You could say it’s one more TV dip in the ‘80s nostalgia pool, complete with references to Pac-Man and The Young Ones. But you also could say say, yeah, sure, it’s one more TV dip in the ‘80s nostalgia pool, but it’s one that lets you choose whether you’d like to hear the Thompson Twins or the Eurythmics, and surely that counts for something.
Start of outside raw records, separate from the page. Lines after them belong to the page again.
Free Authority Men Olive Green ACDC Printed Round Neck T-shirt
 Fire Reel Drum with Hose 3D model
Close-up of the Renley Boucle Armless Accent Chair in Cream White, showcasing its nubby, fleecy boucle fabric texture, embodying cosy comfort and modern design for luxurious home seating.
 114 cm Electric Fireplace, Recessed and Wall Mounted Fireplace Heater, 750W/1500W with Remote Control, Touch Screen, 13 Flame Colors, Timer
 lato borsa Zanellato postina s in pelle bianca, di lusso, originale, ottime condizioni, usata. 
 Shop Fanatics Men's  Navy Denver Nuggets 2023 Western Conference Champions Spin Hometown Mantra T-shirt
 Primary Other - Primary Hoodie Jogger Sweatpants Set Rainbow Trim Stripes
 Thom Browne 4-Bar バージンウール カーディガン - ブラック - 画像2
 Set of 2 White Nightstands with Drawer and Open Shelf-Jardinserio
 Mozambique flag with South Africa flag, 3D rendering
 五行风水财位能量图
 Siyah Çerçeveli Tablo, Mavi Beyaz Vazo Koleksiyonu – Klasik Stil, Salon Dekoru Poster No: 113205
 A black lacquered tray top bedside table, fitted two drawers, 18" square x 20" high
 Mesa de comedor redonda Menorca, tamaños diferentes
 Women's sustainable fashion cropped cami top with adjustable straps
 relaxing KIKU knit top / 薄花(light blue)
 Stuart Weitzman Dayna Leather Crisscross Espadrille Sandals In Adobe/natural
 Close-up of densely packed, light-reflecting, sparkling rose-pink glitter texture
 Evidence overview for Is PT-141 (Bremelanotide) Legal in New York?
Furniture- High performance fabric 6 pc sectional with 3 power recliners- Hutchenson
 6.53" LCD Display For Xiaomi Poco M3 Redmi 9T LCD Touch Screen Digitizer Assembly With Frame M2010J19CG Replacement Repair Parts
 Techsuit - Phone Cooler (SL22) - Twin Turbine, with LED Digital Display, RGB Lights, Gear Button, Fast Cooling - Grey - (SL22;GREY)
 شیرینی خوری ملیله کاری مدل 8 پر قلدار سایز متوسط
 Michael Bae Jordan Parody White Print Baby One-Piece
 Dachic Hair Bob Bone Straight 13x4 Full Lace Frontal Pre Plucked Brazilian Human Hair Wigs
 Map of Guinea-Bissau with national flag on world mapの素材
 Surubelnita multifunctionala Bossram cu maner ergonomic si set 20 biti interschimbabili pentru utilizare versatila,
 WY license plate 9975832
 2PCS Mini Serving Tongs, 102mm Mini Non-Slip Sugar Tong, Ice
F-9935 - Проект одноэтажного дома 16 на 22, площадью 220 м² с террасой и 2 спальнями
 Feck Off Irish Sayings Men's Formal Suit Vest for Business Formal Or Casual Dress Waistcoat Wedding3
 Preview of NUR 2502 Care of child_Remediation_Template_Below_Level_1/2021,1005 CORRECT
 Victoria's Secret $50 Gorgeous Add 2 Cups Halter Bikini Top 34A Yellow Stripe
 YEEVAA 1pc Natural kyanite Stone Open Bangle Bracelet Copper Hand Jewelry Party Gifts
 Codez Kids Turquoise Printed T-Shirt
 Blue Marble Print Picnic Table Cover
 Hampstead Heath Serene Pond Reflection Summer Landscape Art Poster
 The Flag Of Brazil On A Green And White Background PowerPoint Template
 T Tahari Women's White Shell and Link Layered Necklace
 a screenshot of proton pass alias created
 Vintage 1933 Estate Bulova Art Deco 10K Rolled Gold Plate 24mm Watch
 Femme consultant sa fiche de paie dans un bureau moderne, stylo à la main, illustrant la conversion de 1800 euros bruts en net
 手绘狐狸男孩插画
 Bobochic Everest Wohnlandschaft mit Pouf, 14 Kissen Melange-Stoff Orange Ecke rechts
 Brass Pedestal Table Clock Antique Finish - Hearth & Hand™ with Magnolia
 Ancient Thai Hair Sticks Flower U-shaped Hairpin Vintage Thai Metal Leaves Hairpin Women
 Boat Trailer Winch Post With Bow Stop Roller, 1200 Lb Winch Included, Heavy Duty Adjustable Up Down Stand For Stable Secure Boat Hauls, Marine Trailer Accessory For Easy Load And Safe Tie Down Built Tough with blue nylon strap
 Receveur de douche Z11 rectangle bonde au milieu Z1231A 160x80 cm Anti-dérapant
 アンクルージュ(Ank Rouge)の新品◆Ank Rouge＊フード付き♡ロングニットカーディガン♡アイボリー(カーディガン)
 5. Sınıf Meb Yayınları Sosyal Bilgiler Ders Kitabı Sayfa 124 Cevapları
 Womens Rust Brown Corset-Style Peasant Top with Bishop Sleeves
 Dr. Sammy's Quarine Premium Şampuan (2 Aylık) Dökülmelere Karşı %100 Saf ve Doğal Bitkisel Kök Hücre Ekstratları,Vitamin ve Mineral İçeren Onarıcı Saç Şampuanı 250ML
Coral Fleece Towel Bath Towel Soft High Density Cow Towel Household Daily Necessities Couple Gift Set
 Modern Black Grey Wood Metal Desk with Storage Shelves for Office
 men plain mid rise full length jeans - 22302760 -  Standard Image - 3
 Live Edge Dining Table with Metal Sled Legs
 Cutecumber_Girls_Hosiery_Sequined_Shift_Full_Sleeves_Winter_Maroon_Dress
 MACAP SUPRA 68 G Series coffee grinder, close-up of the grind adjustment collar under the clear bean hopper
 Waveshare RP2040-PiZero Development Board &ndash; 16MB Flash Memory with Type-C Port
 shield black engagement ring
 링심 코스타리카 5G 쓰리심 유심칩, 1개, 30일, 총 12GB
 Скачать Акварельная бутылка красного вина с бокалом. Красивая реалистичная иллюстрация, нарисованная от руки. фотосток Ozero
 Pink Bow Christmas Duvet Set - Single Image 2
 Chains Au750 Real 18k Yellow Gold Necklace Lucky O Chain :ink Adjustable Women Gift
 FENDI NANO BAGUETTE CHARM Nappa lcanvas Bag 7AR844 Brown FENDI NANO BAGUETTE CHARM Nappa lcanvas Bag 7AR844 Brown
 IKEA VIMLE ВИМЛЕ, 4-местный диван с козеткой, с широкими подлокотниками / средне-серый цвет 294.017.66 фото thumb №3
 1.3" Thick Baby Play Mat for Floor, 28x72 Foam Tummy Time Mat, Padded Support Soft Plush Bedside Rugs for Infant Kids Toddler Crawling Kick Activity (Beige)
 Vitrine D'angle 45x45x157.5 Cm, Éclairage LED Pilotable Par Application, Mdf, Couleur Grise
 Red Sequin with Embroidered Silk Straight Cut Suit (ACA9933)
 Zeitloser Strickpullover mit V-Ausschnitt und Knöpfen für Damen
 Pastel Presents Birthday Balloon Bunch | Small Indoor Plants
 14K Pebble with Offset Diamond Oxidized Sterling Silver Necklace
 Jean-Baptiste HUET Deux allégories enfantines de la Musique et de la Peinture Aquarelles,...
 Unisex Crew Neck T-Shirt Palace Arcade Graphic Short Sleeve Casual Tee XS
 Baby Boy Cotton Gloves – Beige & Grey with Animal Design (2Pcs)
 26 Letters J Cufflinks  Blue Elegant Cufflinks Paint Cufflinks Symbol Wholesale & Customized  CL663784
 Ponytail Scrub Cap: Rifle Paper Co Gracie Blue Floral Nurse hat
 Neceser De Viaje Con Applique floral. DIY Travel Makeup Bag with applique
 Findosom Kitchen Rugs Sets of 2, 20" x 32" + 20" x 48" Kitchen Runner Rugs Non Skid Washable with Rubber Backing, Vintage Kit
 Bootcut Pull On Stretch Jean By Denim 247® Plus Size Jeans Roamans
It’s a television special/movie that sounds like it should center around a character played by Benedict Cumberbatch. (Benedict Cumberbatch stars in Black Mirror: Bandersnatch, Cumberbitches!) But actually, it’s a television special/movie that centers around a potentially mentally-ill protagonist played by Fionn Whitehead (Dunkirk), whose physical appearance will remind you of a young Wes Bentley for the five hours it may take you to consume every version of Bandersnatch.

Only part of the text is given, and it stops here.